Path of the Incubus said:


> The eternal city of Commorragh has been cast into turmoil by the Dysjunction, a cataclysmic disturbance in the very fabric of its existence. As the streets are inundated with horrors from beyond the veil, Supreme Overlord Asdrubael Vect battles to keep his enemies in check and maintain his stranglehold over the riven city. Kabal turns upon kabal, archon against archon as the fires of hell are unleashed. Redemption for Commorragh rests in the hands of a disgraced incubus warrior wrongly accused of triggering the Dysjunction itself. His efforts to reclaim his lost honour could save the city or damn it forever – assuming it can survive the daemonic invasion and the archons’ deadly battles for supremacy.














Space Wolves: Blood of Asaheim said:


> After half a century apart, in service to the Deathwatch and the Chapter, Space Wolves Ingvar and Gunnlaugr are reunited. Sent to defend an important shrine world against the plague-ridden Death Guard, the Grey Hunters clash with the pious Sisters of Battle, who see the Space Wolves as little better than the enemy they fight. As enemies close in around them and treachery is revealed, Gunnlaugr and his warriors must hold the defenders together – even as hidden tensions threaten to their the pack apart.














Fire Caste said:


> In the jungles of the Dolorosa Coil, a coalition of alien tau and human deserters have waged war upon the Imperium for countless years. Fresh Imperial Guard forces from the Arkhan Confederates are sent in to break the stalemate and annihilate the xenos. But greater forces are at work, and the Confederates soon find themselves broken and scattered. As they fight a desperate guerrilla war, their only hope may lie in the hands of a disgraced commissar, hell-bent on revenge.














The Sigilite said:


> Warmaster Horus has divided the Imperium in a bloody civil war, but while his armies prepare for battle the Emperor himself remains curiously absent. In his place stands Malcador – legendary Sigillite, First Lord of Terra and regent to the throne, and now arguably the single most powerful man in the entire galaxy. Imperial Army officer Hasani Sabbyat is seconded to Malcador’s command for a secret mission into the wastelands of Gyptus, and along the way he learns the truth behind the Heresy and a great deal more about the destiny of mankind. Where do Malcador’s true loyalties lie?

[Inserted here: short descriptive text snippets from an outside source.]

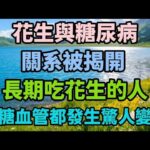 花生與糖尿病的關系被揭開！長期吃花生的人，血糖血管都發生驚人變化【養真客】#糖尿病 #花生 #血糖 #心血管 #健康養生 #晚年生活 #養生知識 #生活經驗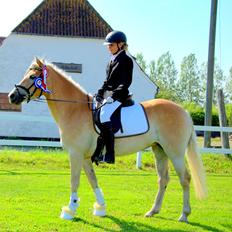 Haflinger Unikka Stald Friis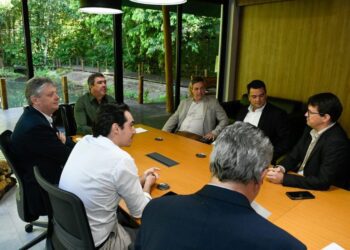 Com setor da citricultura em expansão, mais uma empresa vai investir em MS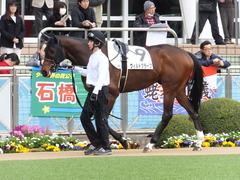 20150321 中山8R 4歳上500万下 ヴィルトグラーフ 02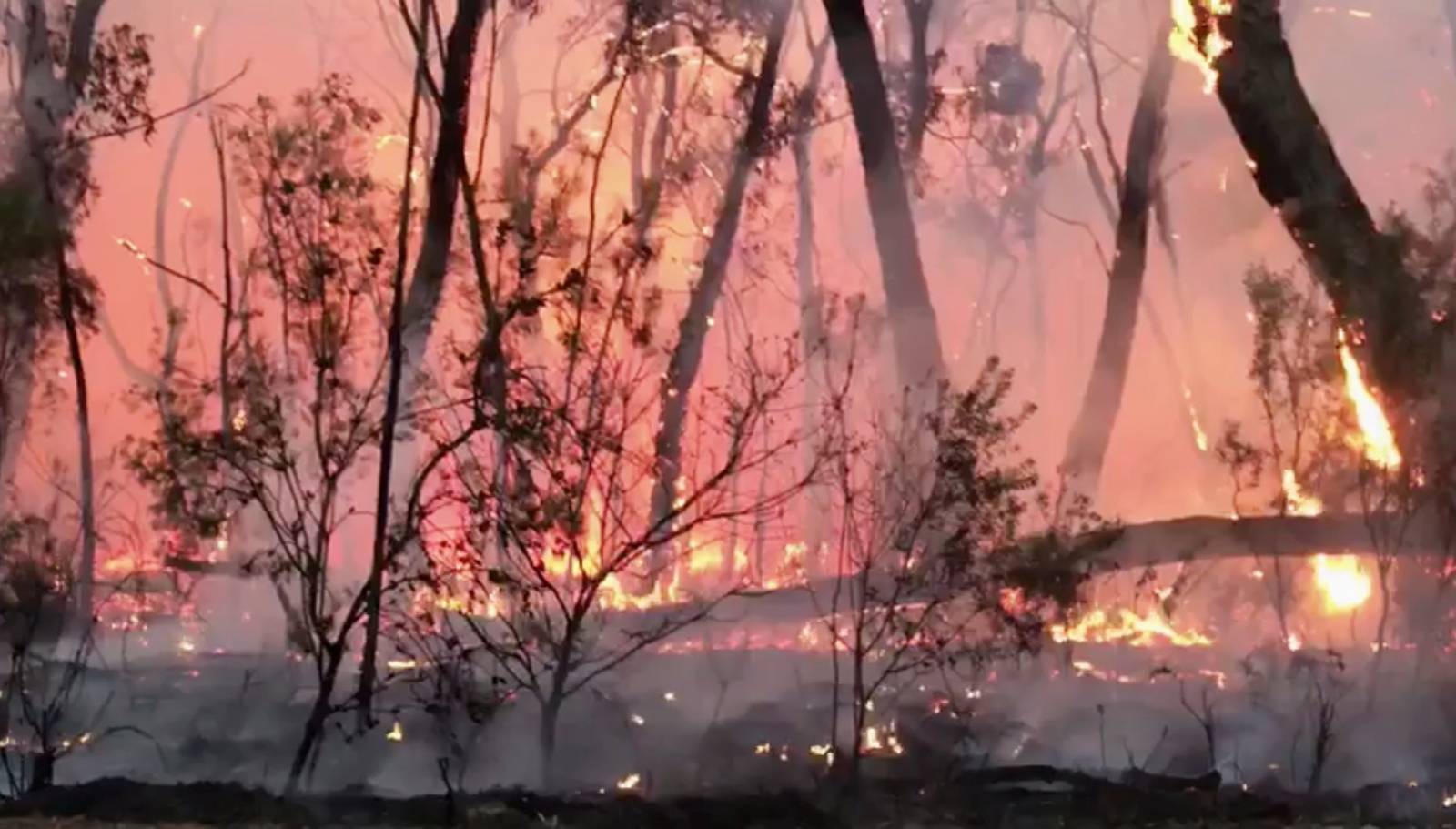 A fire blazes across bush in Newnes Plateau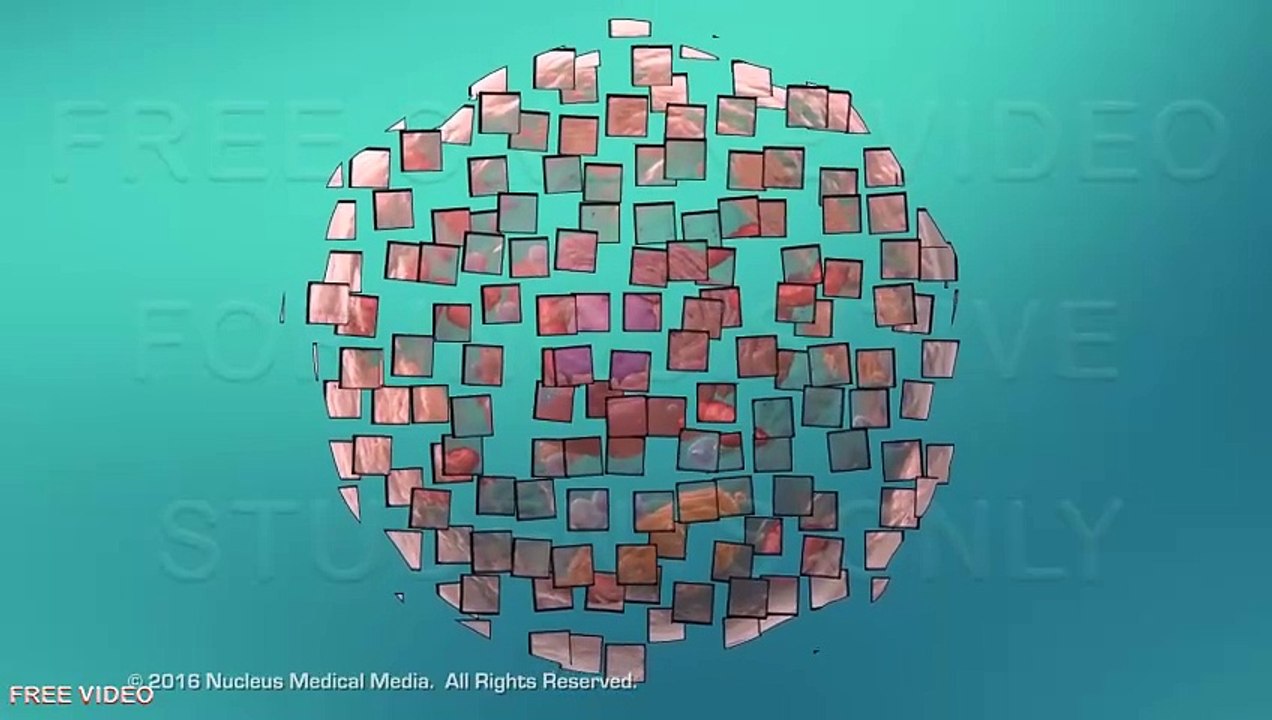 2. A. Structure of the Cell Membrane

Best of Hammer and Bolter 2 said:


> Hammer and Bolter is Black Library’s digital magazine, bringing you the best in Warhammer and Warhammer 40,000 short fiction every month. Now, for the first time in print, the editors are proud to present the best stories from the second year of issues, with contributions from Black Library veterans like Graham McNeill, Nick Kyme and Rob Sanders, through to some rising stars and a host of new talent. Featuring stories from across the Warhammer World and the grim darkness of the far future, The Best of Hammer and Bolter: Volume Two is an essential collection of sci-fi and fantasy shorts from the dark vaults of the Black Library.


Epicness. Sheer epicness...


LotN


----------



## VixusKragov (Feb 21, 2012)

Awesome. Thanks for the info- looks like I'm going to be handing GW more of my money


----------



## NIKT208 (Mar 14, 2011)

Is that complete, where is Angel Exterminatus and Betrayer?


----------



## Hachiko (Jan 26, 2011)

Really digging the new Gotrek and Felix omnibus covers.


----------



## Karthak (Jul 25, 2010)

Looks like Fire Caste isn't going to be from the perspective of a Tau soldier. A pity.


----------



## Lord of the Night (Nov 18, 2009)

Karthak said:


> Looks like Fire Caste isn't going to be from the perspective of a Tau soldier. A pity.


Very much so, but it may still happen one day.


LotN


----------



## Alhom (Aug 17, 2012)

I'm very curious by The Death of Antagonis.
How this special Chapter will act with the hard and pitiless Sisters of Battle...


----------



## Dean2112 (Sep 4, 2012)

Where did you find this?, I am new to site but not to HH or Black Library?


----------